SÃO PAULO - Nos EUA, a filosofia libertária atrai um número significativo de adeptos. Apesar de ela ser em vários aspectos radical, políticos que se proclamam libertários, como Ron e Rand Paul, conseguem eleger-se para o Congresso. No resto do mundo, porém, o apelo dessa doutrina é bem menor. Por quê?

"Libertarian Philosophy in the Real World", de Mark Friedman, embora não ofereça uma resposta precisa à questão, traz boas pistas. O libertarismo, ainda que não se confunda com a anarquia, está perigosamente perto dela. Para os adeptos dessa filosofia, o papel do Estado deveria ser apenas promover a segurança e zelar pelo cumprimento de contratos. Todo o resto poderia ser providenciado com vantagens por agentes privados guiando-se pelo mercado.

Como mostra Friedman, a base de tudo é a ideia de que cada indivíduo tem direito natural ao próprio corpo e aos bens de que consegue apropriar-se sem cometer fraude. O libertarismo, vale lembrar, vem em diversos sabores.
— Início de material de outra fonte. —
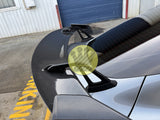 Type A Carbon Fiber Wing - Supra A90 A91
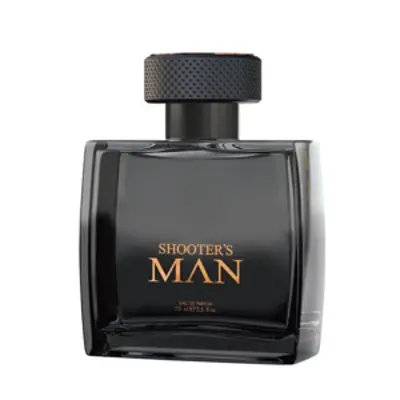 image of Shooter's Man Black Erkek Parfümü Edp 75 ml
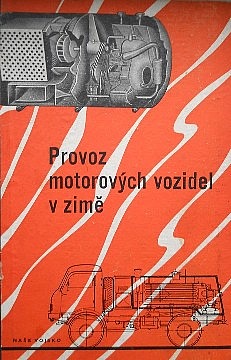 Provoz motorových vozidel v zimě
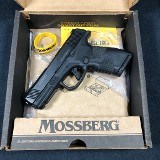 MOSSBERG MC-2C 9MM LUGER (9x19 PARA) - 3 of 3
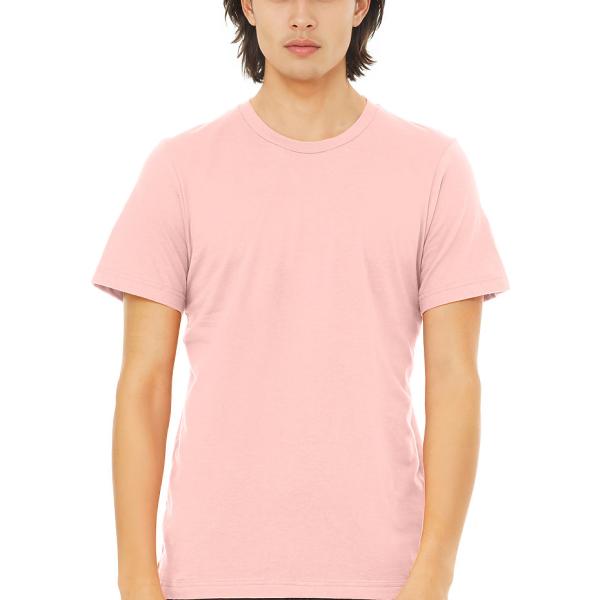 Unisex CrewNeck Classic Tee Bella Canvas 3001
A variante mais consistente é a proposta por Robert Nozick, que faz esses direitos naturais se firmarem no imperativo categórico kantiano. A exigência de que todos os indivíduos sejam tratados também como meio e não só como fim torna ilegítimo que o Estado utilize cidadãos para promover qualquer objetivo social com o qual não tenham concordado. Isso significa que instrumentos que a maioria das democracias julga óbvios, como o IR progressivo, são, aos olhos de libertários, indistinguíveis de roubo. Por alguma razão, tais ideias não se afastam muito do individualismo radical embutido no "american dream".

De minha parte, penso que os raciocínios libertários são ótimos para mostrar os limites de filosofias rivais, como o utilitarismo. Receio, porém, que o pressuposto do libertarismo, isto é, a ideia de que cada indivíduo é um ser autônomo que no máximo toleraria algumas interações sociais, está antropologicamente errado.